I have been caring for my husband since his first craniotomy in August of 2020. After 98% of his tumor was removed, pathology came back inconclusive. We got the same feedback from several different institutions. We also had the tumor tested for bacterial infections and we explored many avenues to find the root of his 5cm tumor. Since no diagnosis was made — no treatment was implemented. He had MRIs every 2 months, and 3 weeks after his stable MRI in January of 2021, he began having severe headaches, and we ended up in the ER again. His tumor had grown larger than the first one within the 3-week period. He had his second craniotomy on the 25th of February 2021 and was diagnosed with gliosarcoma. His recovery was not as smooth as it was after the first surgery.
He completed standard of care (SOC) and his first scan post-surgery showed a huge mass that we now know was necrosis — presumably caused by the radiation. That also means that within the 4-week break between the beginning of treatment and his second craniotomy, he had a new, even bigger tumor.
During this time, he was dealing with a lot of cognitive issues, such as loss of focus, and was still in recovery from surgery and treatment. His swelling was not subsiding after his radiation and Avastin was added in August of 2021 in addition to his maintenance chemo. He has also been wearing Optune since June of 2021.
We just celebrated 2 years from his diagnosis. He is still on bi-monthly Avastin infusions and a slew of repurposed drugs that he has been taking since completion of SOC.
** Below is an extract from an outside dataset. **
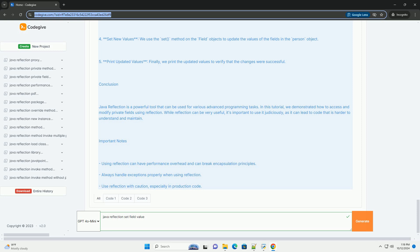3. Make fields accessible: by calling setAccessible true, we bypass the access checks and allow our code to modify the private fields.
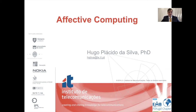Ni hao. It is an honor and a pleasure to be here today with XinhuaNet to present some of the concepts and latest developments in the field of affective computing.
His cognitive abilities have improved tremendously, but he is left with certain deficiencies.
In the beginning, we were not told much, and we were not given a timeline. Looking back now, I wish I knew more about possible symptoms and side effects and what to watch out for during SOC and while he was taking dexamethasone. I realize that everybody's reaction is different but knowing which symptoms are alarming, such as a rash and high blood pressure, would have been very helpful.